[TASK INPUTS — start]

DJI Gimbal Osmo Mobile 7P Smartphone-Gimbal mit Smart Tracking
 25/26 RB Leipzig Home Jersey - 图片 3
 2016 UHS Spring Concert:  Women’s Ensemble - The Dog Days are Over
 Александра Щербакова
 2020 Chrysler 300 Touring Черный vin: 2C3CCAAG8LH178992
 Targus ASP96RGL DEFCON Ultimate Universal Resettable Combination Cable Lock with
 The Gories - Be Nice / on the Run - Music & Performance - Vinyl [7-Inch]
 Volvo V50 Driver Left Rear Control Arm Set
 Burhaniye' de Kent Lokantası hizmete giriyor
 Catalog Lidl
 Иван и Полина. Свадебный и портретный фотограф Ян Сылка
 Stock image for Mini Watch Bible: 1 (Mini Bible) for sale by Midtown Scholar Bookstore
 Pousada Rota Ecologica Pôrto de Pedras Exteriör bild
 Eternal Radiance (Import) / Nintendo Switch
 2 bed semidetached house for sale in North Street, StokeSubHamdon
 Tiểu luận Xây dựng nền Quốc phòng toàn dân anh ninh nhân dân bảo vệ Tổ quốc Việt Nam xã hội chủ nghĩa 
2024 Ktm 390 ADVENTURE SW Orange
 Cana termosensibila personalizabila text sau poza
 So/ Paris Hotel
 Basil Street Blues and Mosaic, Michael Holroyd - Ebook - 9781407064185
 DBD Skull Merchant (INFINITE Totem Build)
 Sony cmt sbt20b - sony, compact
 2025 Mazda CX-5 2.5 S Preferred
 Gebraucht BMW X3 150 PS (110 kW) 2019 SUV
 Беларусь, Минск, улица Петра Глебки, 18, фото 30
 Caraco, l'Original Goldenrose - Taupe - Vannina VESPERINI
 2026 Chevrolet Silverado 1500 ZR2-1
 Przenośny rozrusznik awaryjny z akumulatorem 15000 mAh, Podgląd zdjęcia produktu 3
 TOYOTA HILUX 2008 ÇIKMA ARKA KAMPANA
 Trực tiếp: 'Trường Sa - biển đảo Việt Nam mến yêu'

[TASK INPUTS — finish]

**YOUR ASSIGNMENT**
Looking at the entries above, copy out every line in which "Street" occurs.

**RESPONSE AREA**
 2 bed semidetached house for sale in North Street, StokeSubHamdon
 Basil Street Blues and Mosaic, Michael Holroyd - Ebook - 9781407064185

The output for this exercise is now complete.